====== RECORD EXCERPTS

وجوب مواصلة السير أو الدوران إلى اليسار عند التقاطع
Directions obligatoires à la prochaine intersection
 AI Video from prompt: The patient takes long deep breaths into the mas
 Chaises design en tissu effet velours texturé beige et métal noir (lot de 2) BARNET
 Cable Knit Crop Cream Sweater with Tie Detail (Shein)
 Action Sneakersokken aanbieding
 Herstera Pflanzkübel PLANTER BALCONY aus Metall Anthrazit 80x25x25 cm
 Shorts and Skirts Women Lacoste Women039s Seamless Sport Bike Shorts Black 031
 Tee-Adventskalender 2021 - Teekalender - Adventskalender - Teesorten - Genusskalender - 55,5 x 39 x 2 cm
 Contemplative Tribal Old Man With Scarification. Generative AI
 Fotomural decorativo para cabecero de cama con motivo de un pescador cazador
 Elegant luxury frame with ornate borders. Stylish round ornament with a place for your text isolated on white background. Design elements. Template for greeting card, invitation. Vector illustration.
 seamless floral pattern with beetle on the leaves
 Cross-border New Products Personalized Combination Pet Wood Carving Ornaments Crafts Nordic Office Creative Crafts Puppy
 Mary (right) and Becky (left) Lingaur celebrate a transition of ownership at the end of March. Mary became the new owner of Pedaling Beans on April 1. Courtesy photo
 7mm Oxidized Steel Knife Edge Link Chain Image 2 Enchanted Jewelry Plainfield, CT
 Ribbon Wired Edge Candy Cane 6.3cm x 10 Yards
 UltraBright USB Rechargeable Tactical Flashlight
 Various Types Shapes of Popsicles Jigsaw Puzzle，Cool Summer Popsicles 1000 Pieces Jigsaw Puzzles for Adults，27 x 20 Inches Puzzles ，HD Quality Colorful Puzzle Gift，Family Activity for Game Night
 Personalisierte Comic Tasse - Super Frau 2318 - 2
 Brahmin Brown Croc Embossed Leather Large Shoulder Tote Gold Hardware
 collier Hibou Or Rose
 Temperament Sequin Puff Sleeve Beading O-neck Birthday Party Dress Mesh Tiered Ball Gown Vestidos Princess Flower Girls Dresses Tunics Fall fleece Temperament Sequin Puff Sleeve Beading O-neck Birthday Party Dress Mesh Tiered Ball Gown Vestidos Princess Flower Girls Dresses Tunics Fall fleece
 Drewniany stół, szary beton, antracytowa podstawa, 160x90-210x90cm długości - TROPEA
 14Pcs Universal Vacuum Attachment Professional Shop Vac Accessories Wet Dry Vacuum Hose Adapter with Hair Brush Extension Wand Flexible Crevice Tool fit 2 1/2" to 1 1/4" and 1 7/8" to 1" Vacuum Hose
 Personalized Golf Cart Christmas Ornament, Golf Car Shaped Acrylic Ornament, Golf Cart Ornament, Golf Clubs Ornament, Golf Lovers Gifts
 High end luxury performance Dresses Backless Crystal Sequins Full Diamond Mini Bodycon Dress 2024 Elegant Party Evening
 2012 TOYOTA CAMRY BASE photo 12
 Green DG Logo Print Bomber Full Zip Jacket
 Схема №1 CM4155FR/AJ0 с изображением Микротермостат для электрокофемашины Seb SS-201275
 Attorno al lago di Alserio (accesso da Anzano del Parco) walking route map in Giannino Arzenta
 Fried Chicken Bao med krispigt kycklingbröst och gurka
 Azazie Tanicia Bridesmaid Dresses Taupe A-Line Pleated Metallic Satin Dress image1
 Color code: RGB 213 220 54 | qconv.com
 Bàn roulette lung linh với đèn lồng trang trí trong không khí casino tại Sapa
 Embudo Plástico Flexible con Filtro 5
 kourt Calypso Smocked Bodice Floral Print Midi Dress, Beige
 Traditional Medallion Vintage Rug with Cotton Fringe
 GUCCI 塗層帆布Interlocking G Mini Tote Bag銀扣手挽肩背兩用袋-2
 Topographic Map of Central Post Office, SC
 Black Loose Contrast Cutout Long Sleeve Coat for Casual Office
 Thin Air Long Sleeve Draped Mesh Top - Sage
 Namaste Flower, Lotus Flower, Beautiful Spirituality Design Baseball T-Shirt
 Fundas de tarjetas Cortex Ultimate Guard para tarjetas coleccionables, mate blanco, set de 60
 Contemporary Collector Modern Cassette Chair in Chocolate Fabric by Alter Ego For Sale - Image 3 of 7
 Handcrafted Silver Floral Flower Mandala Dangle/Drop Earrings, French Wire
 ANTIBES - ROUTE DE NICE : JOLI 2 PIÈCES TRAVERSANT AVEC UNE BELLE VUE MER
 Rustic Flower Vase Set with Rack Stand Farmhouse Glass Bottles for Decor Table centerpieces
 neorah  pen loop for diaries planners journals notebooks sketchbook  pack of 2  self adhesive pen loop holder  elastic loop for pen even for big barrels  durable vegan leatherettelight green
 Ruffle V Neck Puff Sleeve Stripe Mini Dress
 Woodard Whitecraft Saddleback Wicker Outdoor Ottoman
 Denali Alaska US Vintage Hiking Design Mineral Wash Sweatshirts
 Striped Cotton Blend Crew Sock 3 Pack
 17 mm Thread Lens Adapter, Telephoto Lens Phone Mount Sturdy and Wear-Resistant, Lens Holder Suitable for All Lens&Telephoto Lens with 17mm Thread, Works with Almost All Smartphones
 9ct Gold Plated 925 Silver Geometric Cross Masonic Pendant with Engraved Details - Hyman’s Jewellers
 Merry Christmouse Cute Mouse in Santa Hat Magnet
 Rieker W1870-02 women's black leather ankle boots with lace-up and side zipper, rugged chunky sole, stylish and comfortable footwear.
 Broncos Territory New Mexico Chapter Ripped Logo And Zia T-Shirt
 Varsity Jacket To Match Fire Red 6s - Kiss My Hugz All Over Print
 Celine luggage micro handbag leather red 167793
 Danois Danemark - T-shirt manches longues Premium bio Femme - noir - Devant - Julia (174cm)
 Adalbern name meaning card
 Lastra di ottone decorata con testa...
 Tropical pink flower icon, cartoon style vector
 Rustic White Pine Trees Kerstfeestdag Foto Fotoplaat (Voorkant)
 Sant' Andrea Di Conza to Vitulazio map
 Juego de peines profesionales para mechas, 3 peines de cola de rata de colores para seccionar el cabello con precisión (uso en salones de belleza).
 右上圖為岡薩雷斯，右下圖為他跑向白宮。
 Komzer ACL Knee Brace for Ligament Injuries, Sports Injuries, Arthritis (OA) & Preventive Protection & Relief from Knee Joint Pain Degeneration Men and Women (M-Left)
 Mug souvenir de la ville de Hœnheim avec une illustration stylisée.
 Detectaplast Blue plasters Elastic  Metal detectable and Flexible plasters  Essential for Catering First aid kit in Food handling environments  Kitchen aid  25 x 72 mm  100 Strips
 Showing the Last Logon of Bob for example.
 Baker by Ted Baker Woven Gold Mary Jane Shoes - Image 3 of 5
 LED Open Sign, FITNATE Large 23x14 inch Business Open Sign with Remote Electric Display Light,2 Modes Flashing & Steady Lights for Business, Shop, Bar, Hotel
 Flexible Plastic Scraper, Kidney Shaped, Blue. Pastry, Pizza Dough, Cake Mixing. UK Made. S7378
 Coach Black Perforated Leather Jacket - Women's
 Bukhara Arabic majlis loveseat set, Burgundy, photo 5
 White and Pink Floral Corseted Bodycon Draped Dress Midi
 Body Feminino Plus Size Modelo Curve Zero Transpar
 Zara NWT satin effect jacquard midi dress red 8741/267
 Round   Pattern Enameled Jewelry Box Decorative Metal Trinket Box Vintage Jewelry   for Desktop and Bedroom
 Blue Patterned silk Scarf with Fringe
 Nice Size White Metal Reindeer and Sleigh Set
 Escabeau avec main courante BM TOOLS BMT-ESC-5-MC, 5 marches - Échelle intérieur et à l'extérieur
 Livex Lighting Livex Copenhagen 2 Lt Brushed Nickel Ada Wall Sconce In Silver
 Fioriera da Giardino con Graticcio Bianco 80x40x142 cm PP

============

→ WHAT YOU SHOULD DO: Give back, exactly as written, the stretch from the line with "Thin Air Long Sleeve Draped Mesh Top - Sage" through the line with "Woodard Whitecraft Saddleback", and no other lines from the records above.

→ REPLY TO THE EXERCISE:
 Thin Air Long Sleeve Draped Mesh Top - Sage
 Namaste Flower, Lotus Flower, Beautiful Spirituality Design Baseball T-Shirt
 Fundas de tarjetas Cortex Ultimate Guard para tarjetas coleccionables, mate blanco, set de 60
 Contemporary Collector Modern Cassette Chair in Chocolate Fabric by Alter Ego For Sale - Image 3 of 7
 Handcrafted Silver Floral Flower Mandala Dangle/Drop Earrings, French Wire
 ANTIBES - ROUTE DE NICE : JOLI 2 PIÈCES TRAVERSANT AVEC UNE BELLE VUE MER
 Rustic Flower Vase Set with Rack Stand Farmhouse Glass Bottles for Decor Table centerpieces
 neorah  pen loop for diaries planners journals notebooks sketchbook  pack of 2  self adhesive pen loop holder  elastic loop for pen even for big barrels  durable vegan leatherettelight green
 Ruffle V Neck Puff Sleeve Stripe Mini Dress
 Woodard Whitecraft Saddleback Wicker Outdoor Ottoman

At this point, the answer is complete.